Dina, seorang petani cabai di Kabupaten Cianjur, menyampaikan bahwa penurunan harga yang drastis terjadi setelah panen raya beberapa minggu terakhir. Ia bersama kelompok tani setempat awalnya merencanakan untuk menjual sebagian hasil panen ke pasar internasional, namun harga cabai di tingkat internasional juga mengalami penurunan. “Kami sudah mempersiapkan ekspor ke beberapa negara tetangga, tetapi harga yang ditawarkan terlalu rendah. Jika kami tetap ekspor, bukannya untung, malah semakin rugi,” ungkapnya.
Batalnya rencana ekspor ini juga berdampak pada peningkatan pasokan cabai di pasar domestik, yang berujung pada penurunan harga lebih lanjut. Menurut data dari Dinas Pertanian setempat, harga cabai merah yang sebelumnya berkisar di angka Rp40.000 per kilogram kini turun drastis hingga Rp15.000 per kilogram. Penurunan ini menyebabkan petani cabai harus menjual hasil panen di bawah harga modal, sehingga pendapatan mereka jauh dari memadai untuk menutupi biaya produksi.
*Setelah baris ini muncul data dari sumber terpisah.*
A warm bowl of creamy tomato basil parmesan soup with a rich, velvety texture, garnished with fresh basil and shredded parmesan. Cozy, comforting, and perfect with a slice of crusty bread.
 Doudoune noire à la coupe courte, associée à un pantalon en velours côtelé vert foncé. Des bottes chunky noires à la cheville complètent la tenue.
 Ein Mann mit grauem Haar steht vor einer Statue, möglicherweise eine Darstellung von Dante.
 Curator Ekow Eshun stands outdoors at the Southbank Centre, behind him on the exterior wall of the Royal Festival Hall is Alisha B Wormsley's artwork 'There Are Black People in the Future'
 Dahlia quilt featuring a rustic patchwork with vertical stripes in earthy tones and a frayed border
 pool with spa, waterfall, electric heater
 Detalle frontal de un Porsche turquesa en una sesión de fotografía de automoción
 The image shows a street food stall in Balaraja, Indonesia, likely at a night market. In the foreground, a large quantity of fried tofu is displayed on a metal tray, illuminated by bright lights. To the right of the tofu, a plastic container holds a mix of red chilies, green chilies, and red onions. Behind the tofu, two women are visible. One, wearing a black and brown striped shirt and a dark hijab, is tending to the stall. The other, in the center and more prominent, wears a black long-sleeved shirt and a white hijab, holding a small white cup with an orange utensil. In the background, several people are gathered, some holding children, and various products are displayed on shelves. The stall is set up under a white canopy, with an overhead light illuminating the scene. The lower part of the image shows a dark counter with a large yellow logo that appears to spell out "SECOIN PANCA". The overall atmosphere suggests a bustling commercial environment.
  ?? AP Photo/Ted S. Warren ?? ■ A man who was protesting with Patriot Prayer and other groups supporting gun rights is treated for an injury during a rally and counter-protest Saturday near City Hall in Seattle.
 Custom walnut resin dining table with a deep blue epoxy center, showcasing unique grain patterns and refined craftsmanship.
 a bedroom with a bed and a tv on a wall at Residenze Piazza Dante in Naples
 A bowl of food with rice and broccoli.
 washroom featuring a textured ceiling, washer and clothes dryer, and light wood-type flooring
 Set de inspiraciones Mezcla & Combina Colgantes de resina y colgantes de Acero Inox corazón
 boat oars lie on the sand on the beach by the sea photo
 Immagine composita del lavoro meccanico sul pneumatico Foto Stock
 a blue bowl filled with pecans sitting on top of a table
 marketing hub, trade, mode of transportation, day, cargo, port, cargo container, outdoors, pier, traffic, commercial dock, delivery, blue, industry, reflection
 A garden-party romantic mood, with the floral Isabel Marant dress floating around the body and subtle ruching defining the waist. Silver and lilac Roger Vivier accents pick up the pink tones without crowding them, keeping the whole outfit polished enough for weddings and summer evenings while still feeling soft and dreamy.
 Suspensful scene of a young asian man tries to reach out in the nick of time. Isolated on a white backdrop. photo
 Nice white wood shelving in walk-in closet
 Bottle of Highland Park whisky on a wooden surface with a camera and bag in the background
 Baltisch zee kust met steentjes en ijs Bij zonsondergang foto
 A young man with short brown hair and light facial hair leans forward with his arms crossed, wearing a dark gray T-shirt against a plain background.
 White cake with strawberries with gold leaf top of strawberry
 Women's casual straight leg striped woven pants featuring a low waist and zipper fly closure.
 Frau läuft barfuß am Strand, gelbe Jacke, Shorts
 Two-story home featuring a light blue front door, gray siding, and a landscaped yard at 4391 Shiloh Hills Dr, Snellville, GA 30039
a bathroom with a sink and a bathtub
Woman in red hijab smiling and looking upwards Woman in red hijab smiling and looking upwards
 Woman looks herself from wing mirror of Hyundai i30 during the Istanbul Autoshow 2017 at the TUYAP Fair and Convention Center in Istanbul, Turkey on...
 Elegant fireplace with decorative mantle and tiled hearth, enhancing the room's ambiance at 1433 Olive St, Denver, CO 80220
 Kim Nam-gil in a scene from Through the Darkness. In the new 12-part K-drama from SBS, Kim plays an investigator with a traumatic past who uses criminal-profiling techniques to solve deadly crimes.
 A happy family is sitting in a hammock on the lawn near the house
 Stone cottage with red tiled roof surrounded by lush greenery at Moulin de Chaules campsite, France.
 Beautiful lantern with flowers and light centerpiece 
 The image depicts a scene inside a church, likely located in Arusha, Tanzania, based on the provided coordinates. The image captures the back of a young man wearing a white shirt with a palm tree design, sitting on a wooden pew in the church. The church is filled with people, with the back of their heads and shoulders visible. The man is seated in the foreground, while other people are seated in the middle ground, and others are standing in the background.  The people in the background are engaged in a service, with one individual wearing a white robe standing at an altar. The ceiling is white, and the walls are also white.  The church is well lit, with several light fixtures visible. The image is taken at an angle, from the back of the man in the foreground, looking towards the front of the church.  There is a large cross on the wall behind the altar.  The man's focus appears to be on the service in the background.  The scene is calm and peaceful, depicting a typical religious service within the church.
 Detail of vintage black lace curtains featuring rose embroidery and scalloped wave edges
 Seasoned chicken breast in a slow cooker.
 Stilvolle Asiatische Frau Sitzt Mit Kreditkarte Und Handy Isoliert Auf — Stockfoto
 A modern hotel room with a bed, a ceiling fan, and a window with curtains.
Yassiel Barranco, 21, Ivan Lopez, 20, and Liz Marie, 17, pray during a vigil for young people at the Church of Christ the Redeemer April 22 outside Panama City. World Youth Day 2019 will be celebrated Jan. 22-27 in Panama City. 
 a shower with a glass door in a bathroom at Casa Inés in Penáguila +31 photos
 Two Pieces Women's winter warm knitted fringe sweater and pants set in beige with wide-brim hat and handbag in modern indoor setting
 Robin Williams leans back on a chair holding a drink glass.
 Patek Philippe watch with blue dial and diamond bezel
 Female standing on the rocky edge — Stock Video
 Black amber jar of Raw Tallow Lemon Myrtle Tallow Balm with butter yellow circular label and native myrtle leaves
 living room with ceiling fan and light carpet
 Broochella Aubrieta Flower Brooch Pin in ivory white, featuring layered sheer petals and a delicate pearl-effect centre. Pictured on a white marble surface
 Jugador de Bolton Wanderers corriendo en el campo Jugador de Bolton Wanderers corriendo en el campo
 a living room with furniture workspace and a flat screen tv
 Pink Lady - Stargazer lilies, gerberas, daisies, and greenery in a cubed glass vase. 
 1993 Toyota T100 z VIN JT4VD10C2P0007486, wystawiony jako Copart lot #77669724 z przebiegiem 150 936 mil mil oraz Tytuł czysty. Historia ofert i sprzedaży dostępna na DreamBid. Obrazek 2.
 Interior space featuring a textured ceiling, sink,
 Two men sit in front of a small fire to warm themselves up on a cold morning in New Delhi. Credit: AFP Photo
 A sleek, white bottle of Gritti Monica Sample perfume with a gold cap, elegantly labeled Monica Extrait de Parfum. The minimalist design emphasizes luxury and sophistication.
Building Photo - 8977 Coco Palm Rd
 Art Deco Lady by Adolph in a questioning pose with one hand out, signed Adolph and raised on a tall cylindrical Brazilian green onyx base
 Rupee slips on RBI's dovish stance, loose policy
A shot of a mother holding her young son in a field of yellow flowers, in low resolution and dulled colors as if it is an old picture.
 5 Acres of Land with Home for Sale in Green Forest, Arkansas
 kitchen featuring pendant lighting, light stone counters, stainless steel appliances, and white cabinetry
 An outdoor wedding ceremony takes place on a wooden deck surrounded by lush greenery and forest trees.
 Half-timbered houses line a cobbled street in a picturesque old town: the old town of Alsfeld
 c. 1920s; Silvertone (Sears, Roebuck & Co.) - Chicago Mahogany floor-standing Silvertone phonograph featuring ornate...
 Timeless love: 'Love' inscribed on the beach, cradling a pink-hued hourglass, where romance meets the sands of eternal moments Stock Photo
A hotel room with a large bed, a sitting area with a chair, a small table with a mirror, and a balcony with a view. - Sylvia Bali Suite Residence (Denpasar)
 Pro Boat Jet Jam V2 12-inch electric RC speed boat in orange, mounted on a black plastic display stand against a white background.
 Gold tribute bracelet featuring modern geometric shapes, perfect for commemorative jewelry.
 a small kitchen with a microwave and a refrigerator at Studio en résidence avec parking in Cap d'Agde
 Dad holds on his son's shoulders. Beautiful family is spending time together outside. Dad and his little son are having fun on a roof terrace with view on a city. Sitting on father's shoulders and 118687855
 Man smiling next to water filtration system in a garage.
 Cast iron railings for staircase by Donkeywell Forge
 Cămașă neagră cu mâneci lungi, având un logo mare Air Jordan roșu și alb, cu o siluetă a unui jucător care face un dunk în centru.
Kondisi ini menimbulkan kekhawatiran terhadap keberlangsungan usaha tani cabai. Selain masalah harga yang tidak stabil, tingginya biaya produksi cabai, seperti biaya pupuk, pestisida, dan tenaga kerja, membuat banyak petani merasa buntu. “Kalau begini terus, kami harus pikir ulang untuk menanam cabai lagi ke depannya. Biaya produksi tinggi, tetapi pendapatan tidak sebanding,” kata Arif, salah satu petani dari Kabupaten Banyuwangi.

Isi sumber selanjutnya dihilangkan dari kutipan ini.